- **YOUR TASK**
Each entry is to be retyped exactly as it appears. Leave the images out.

- **EXTRACTED INFORMATION**

• • • • • • •

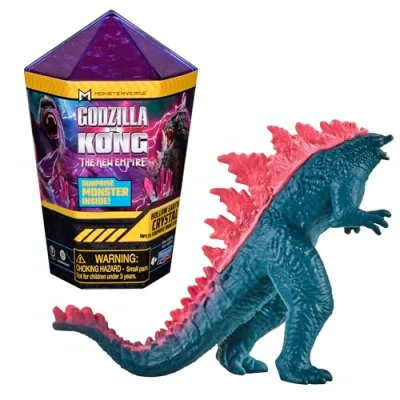 Image de MonsterVerse Godzilla x Kong, Personnage de 5 cm, dans Cristal et Gel, Modèle aléatoire, pour Les Enfants à partir 4 Ans, MN302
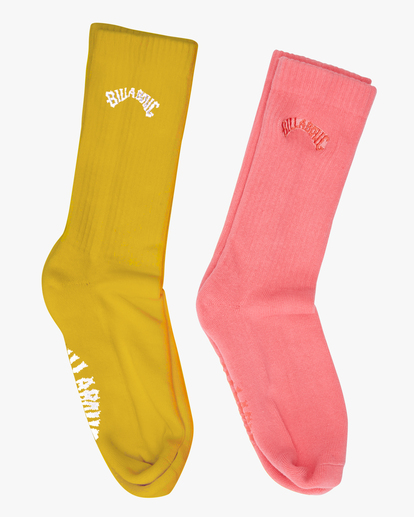 0 2-Pack Sport Crew Socks Yellow ABJAA00154 Billabong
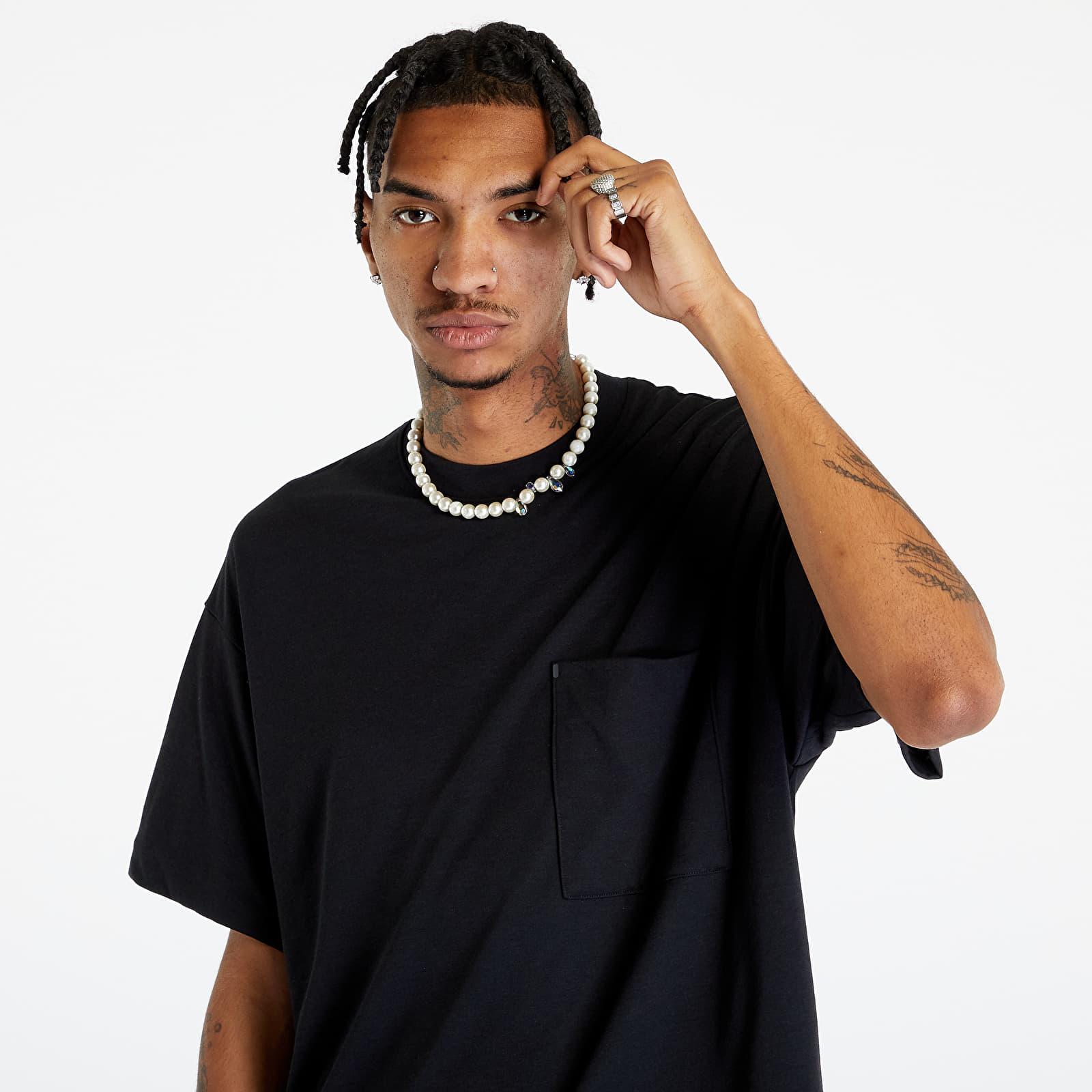 T shirts Nike Sportswear Tech Pack Dri FIT Short Sleeve Top Black Footshop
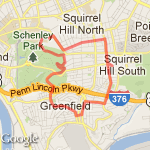 Run after Finals! route map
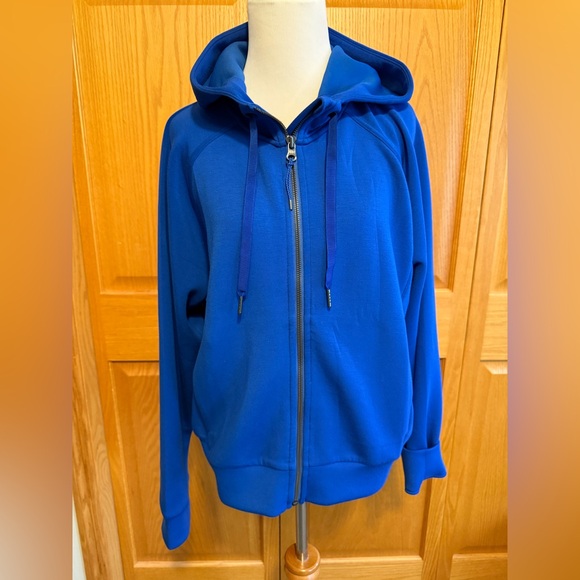 NWT Spanx Air Essentials Zip Hoodie - Cerulean Blue - Picture 1 of 4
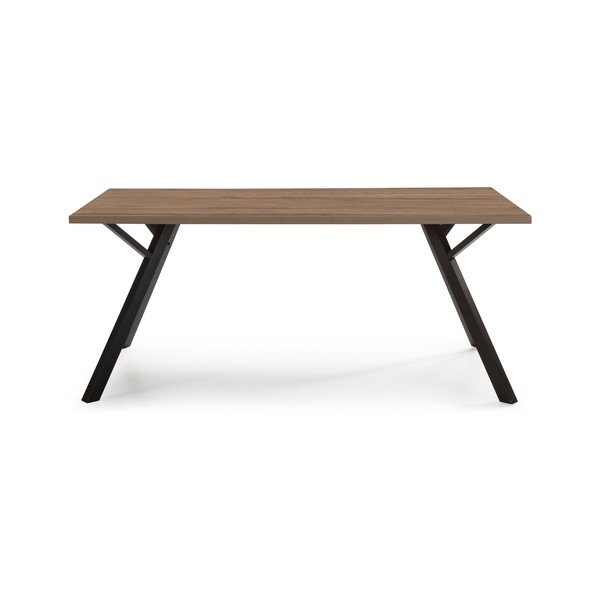 Jedilna miza z mizno ploščo v orehovem dekorju 90x160 cm Paola – Marckeric-image-3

• • • • • • •

- **EXPECTED ANSWER**
 Image de MonsterVerse Godzilla x Kong, Personnage de 5 cm, dans Cristal et Gel, Modèle aléatoire, pour Les Enfants à partir 4 Ans, MN302
 0 2-Pack Sport Crew Socks Yellow ABJAA00154 Billabong
 T shirts Nike Sportswear Tech Pack Dri FIT Short Sleeve Top Black Footshop
 Run after Finals! route map
 NWT Spanx Air Essentials Zip Hoodie - Cerulean Blue - Picture 1 of 4
 Jedilna miza z mizno ploščo v orehovem dekorju 90x160 cm Paola – Marckeric-image-3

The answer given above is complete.